Die Beklagte hat damit zu Recht auch die Zulassung freiwilliger Beiträge ab dem Jahr 1998 abgelehnt. Nach § 7 Abs. 1 S. 1 SGB VI können sich Personen, die nicht versicherungspflichtig sind, für Zeiten von der Vollendung des 16. Lebensjahres an freiwillig versichern. Freiwillige Beiträge können nach § 197 Abs. 2 SGB VI wirksam bis zum 31. März des Jahres entrichtet werden, das dem Jahr folgt, für das sie gelten sollen. Die Frist wird nach § 198 SGB VI durch ein Beitragsverfahren oder ein Verfahren über einen Rentenanspruch unterbrochen. Der Kläger hat am 16. Oktober 2012 Rentenantrag gestellt. Die Frist des § 197 Abs. 2 SGB VI für die Jahre 1998-2011 ist somit bereits verstrichen gewesen. Es sind auch keinerlei Anhaltspunkte ersichtlich, dass der Kläger ohne Verschulden daran gehindert gewesen wäre, freiwillige Beiträge zu entrichten, so dass auch die Voraussetzungen der Ausnahmevorschrift des §§ 197 Abs. 3 SGB VI nicht gegeben sind. Trotz der vom Bevollmächtigten vorgetragenen "diverser Schriftwechsel" zwischen der Beklagten und dem Kläger (z. B. Versicherungsverlauf vom 11. Dezember 2000, Rentenauskunft vom 24. Juni 2005, Versicherungsverlauf vom 16. Juli 2007) hat der Kläger nicht auf die Entrichtung freiwilliger Beiträge hingewiesen, sofern dies überhaupt beabsichtigt gewesen sein sollte (siehe oben).

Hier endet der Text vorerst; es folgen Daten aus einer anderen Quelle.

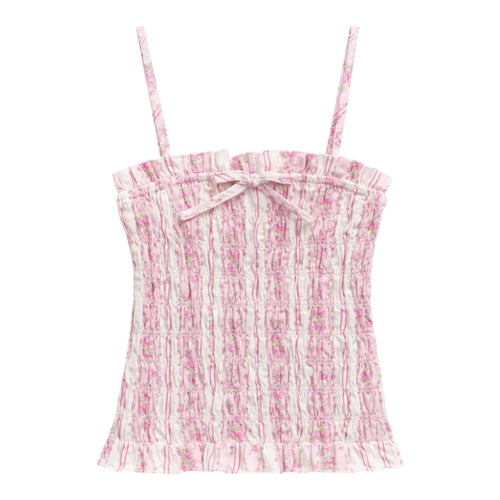 Katie J Melody And Alma Set- Baby Pink Cottage Stripe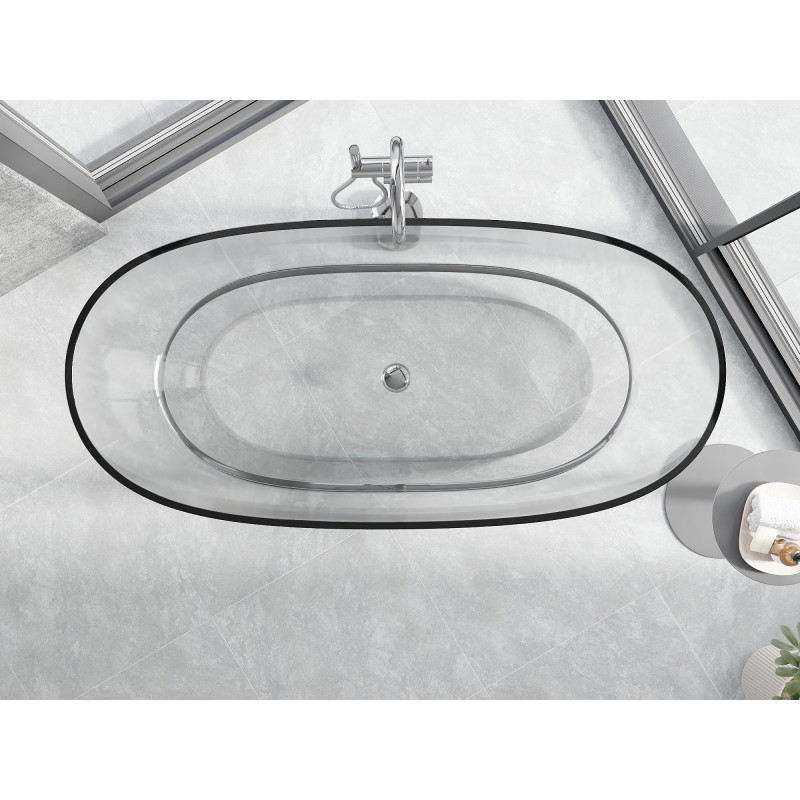 Mexen Pure volně stojící průhledná vana 170 x 80 cm, clear, chromová zátka - 58071708008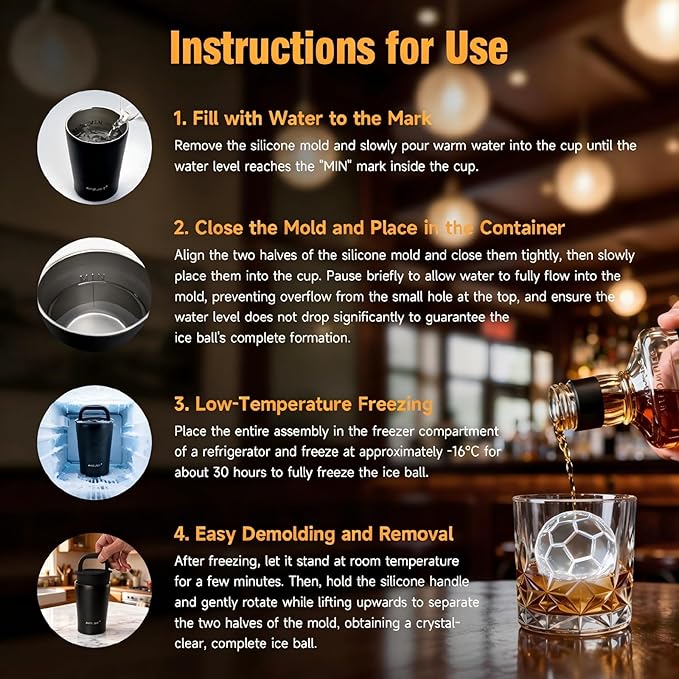 Clear Ice Cube Maker Premium Gift Set – Stainless Steel Whiskey Ice Ball Mold, 2.5” Soccer Ice Sphere with BPA-Free Silicone, Slow Melting Easy Release Ice for Bourbon & Cocktails,Gifts for Men Dad
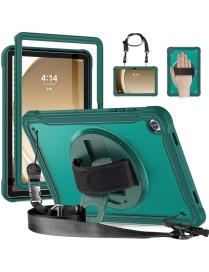 For Samsung Galaxy Tab A9+ X210/X215 Heavy Duty Hybrid Tablet Case with Handle & Strap(Dark Green)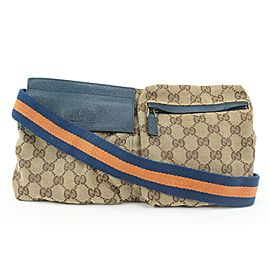 Gucci Rare Navy x Orange Belt Bag Waist Pouch Fanny Pack 764gzs330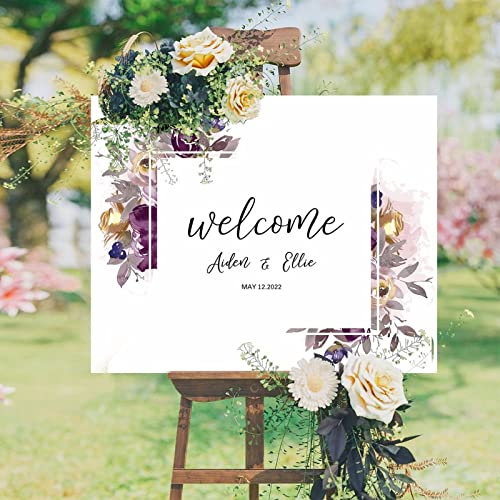Panneau de bienvenue de mariage - Couronne florale violette personnalisable - Panneau de mariage chic et rustique en bois pour cérémonie de mariage - Décoration de fête de mariage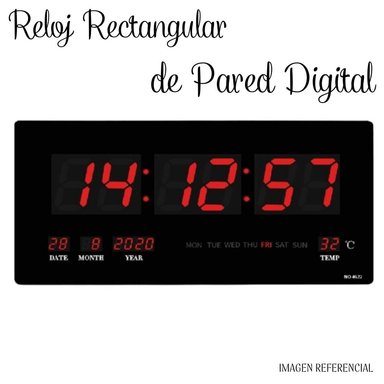 RELOJ RECTANGULAR PARED CON PANTALLA DIGITAL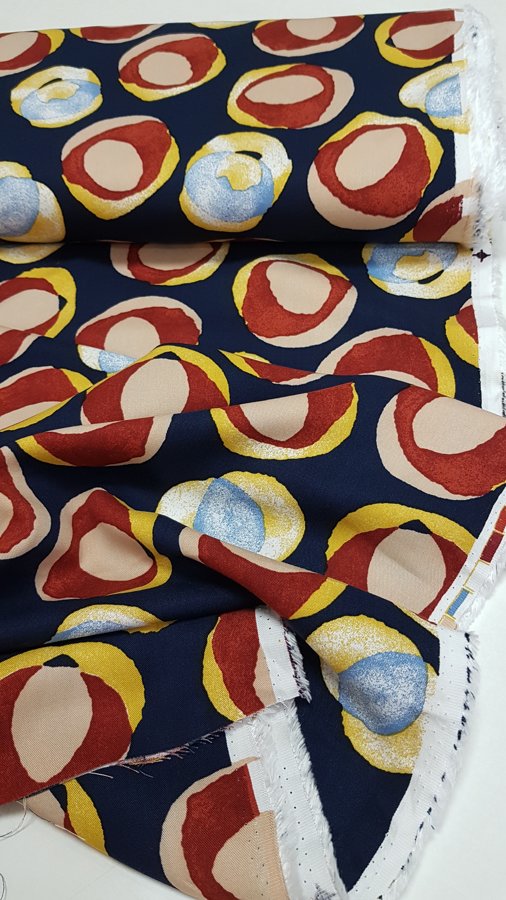 Navy viscose twill with coloured circles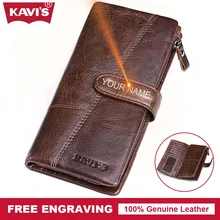 KAVIS Genuine Leather Wallet Men Coin Purse Long Male Clutch Walet Portomonee Diy Gift for Man Women Handy Card Holder PORTFOLIO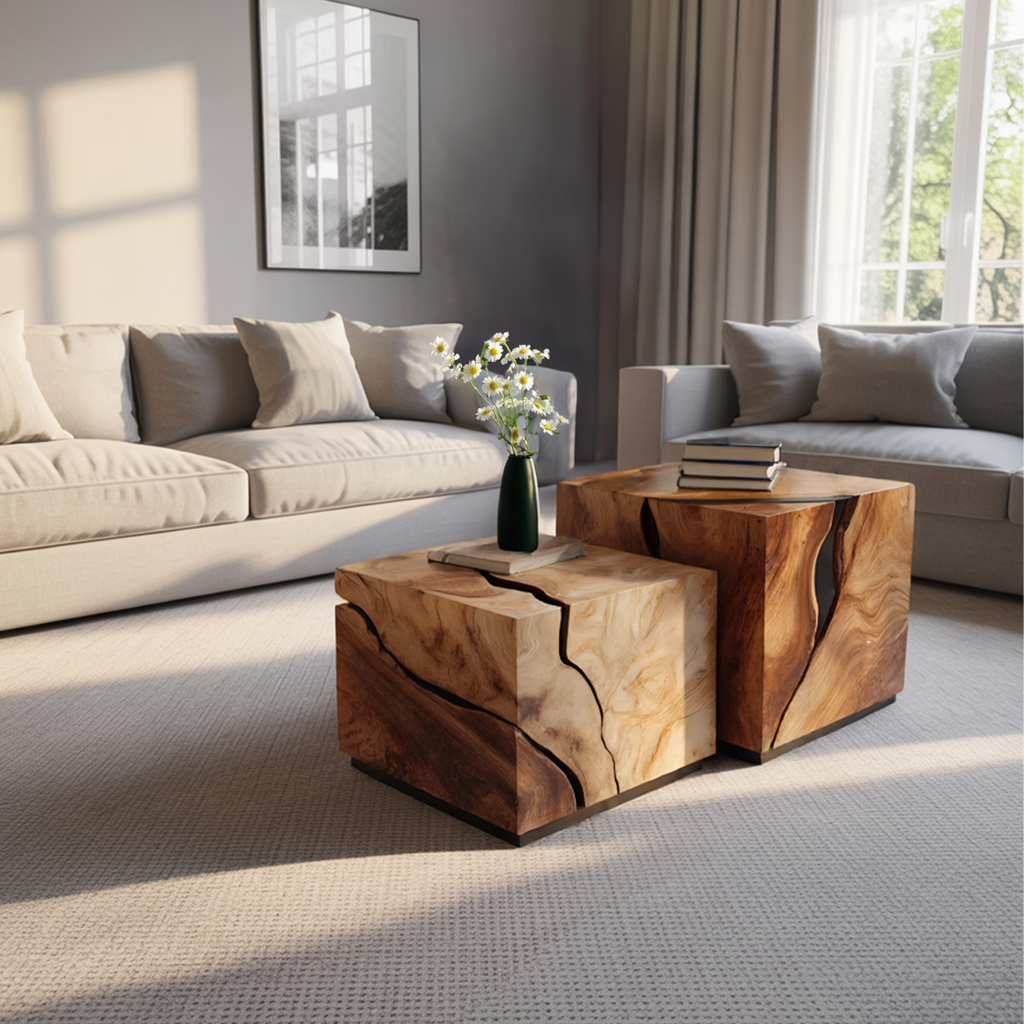 Mid Century Solid Wood Low Coffee Table For Living Room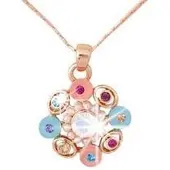 Behave - Ketting met bloem hanger - goudkleur - Vrolijke romantiek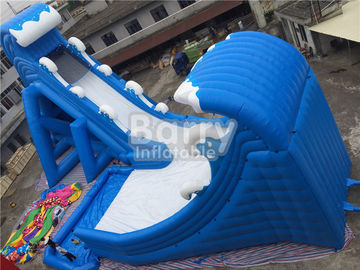 Glissière d'eau gonflable géante bleue de la vague 36 * 20 * 15m avec le ventilateur de la piscine CE/UL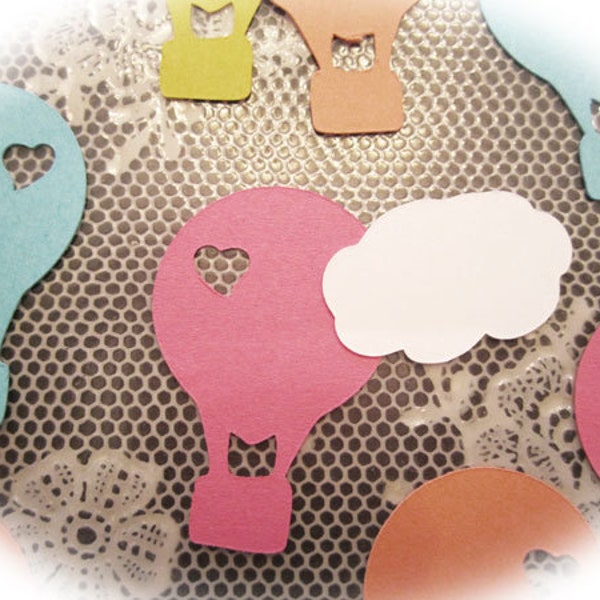 Hot Air Balloon Confetti in Coral, Pink, Aqua, Yellow, Baby, Wedding, Shower, Party Die Cuts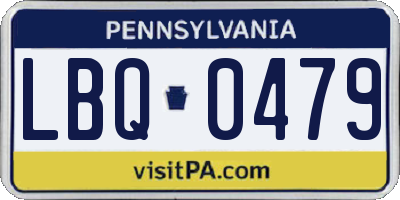 PA license plate LBQ0479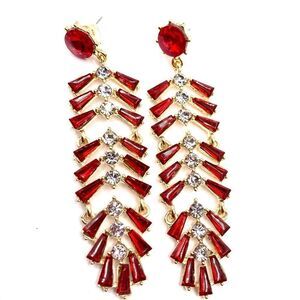 Long gold red crystal drop dangle earring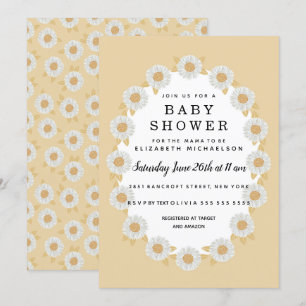 Boho Daisies Yellow Baby Girl Baby Shower Einladung
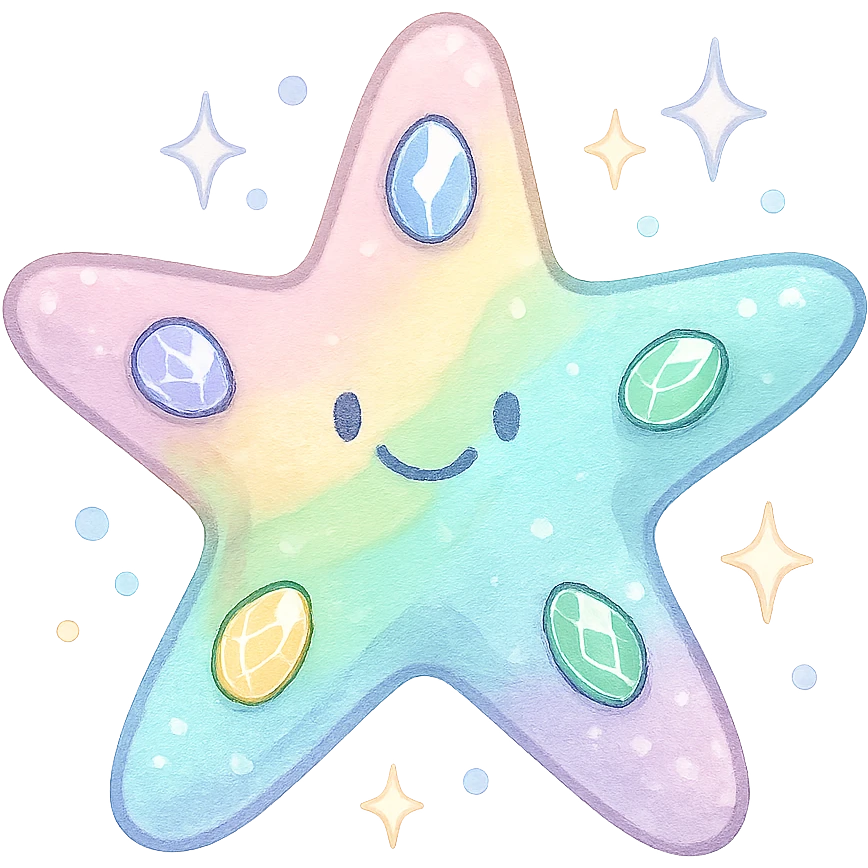 stylized sea star, pastel rainbow, sparkling jewels, soft highlights, slightly cartoonish, no background emoji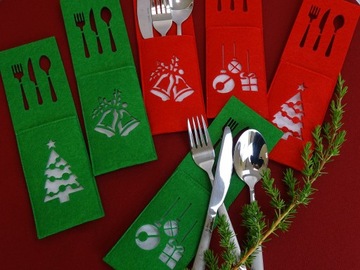 РОЖДЕСТВЕНСКИЕ ЧЕХОЛЫ ДЛЯ СТОЛОВЫХ ПРИБОРОВ, ТРАВЯНЫЕ РОЖДЕСТВЕНСКИЕ ПРИБОРЫ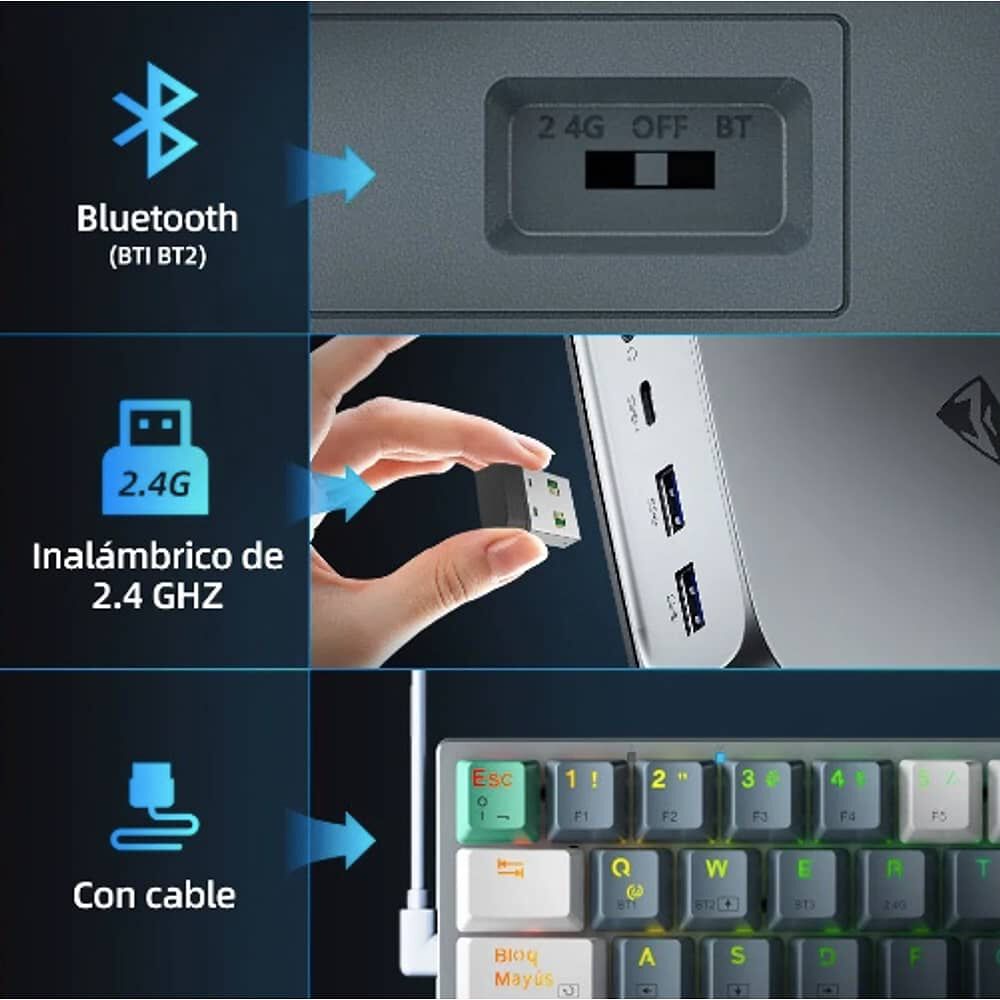 Teclado Mec&aacute;nico Bluetooth Espa&ntilde;ol 60% Gamer K500-b61 image number 5.0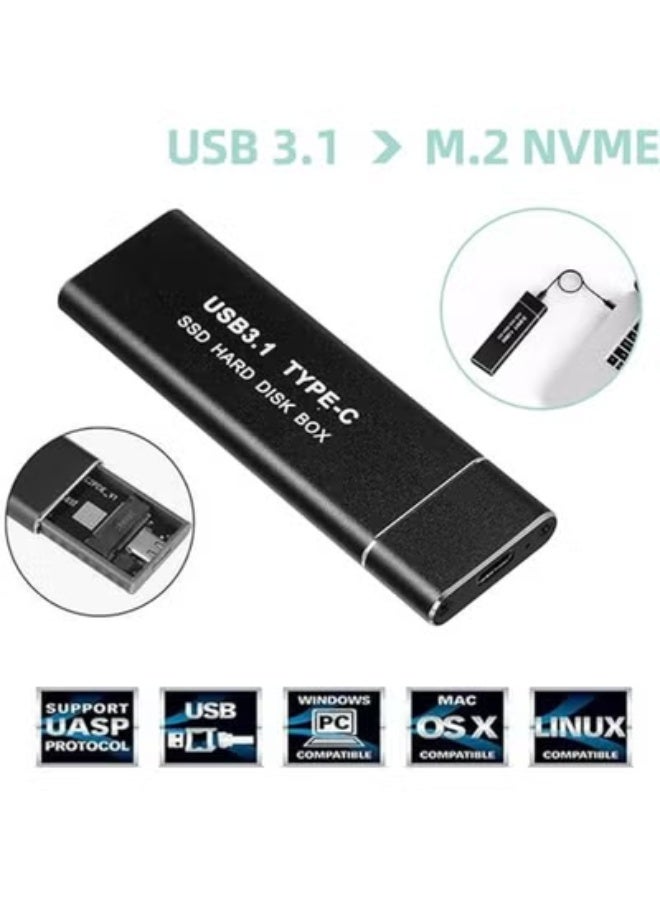 حافظة تخزين M.2 NVMe من الألومنيوم – منفذ USB 3.1 الجيل الثاني إلى Type-C – وسيط تخزين خارجي سريع يدعم UASP ومتوافق مع المقاسات 2230 و2242 و2260 - Image 4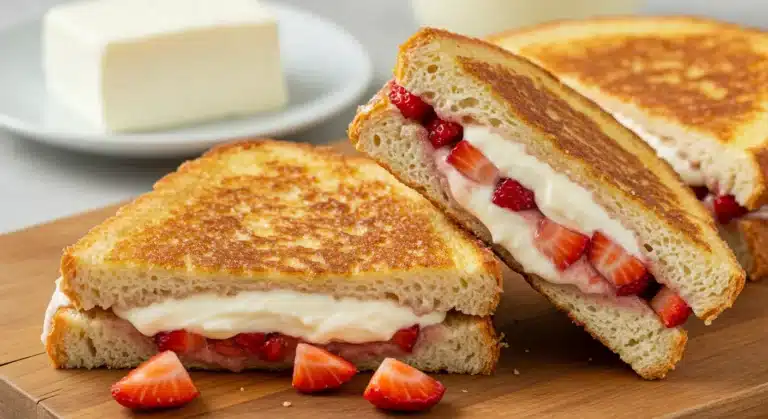 A close-up of a finished Fried Strawberry Cheesecake Sandwich, cut in half and served on a white plate, finished with a dusting of powdered sugar.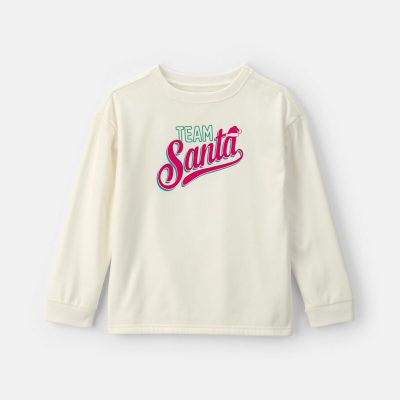 Kids 'Team Santa' Christmas Fleece Loose Fit Pajama Top - Cream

Da das SG somit zu Recht die Klage abgewiesen hat, weist der Senat die Berufung zurück.
Die Kostenentscheidung beruht auf § 193 SGG. Im Rahmen des den Gerichten danach eingeräumten Ermessens sind alle Umstände des Einzelfalles zu berücksichtigen, insbesondere die Sach- und Rechtslage bzw. der Ausgang des Verfahrens (s. Meyer-Ladewig/Keller/Leitherer, Kommentar zum SGG, 11. Auflage, § 193 Rdnr. 12 ff.). Hiernach war für den Senat maßgeblich, dass der Kläger mit der Rechtsverfolgung ohne Erfolg geblieben ist und die Beklagte keinen Anlass zur Klageerhebung gegeben hat. Der Senat hält es im Falle einer Zurückweisung des Rechtsmittels nach dem Grundsatz der Einheitlichkeit der Kostenentscheidung für erforderlich, nicht nur über die Kosten des Rechtsmittelverfahrens zu entscheiden, sondern auch über die Kosten der vorausgehenden Instanz (so Lüdtke, Kommentar zum SGG, 4. Aufl., § 193 Rdnr. 8; ausführlich erkennender Senat, Urteil vom 19. November 2013, L 13 R 1662/12, veröffentlicht in Juris; a.A. Meyer-Ladewig/Keller/Leitherer, a.a.O., § 193 Rdnr. 2a; Hintz/Lowe, Kommentar zum SGG, § 193 Rdnr. 11; Jansen, Kommentar zum SGG, 4. Auflage, § 193 Rdnr. 4).
Die Voraussetzungen für eine Zulassung der Revision liegen nicht vor.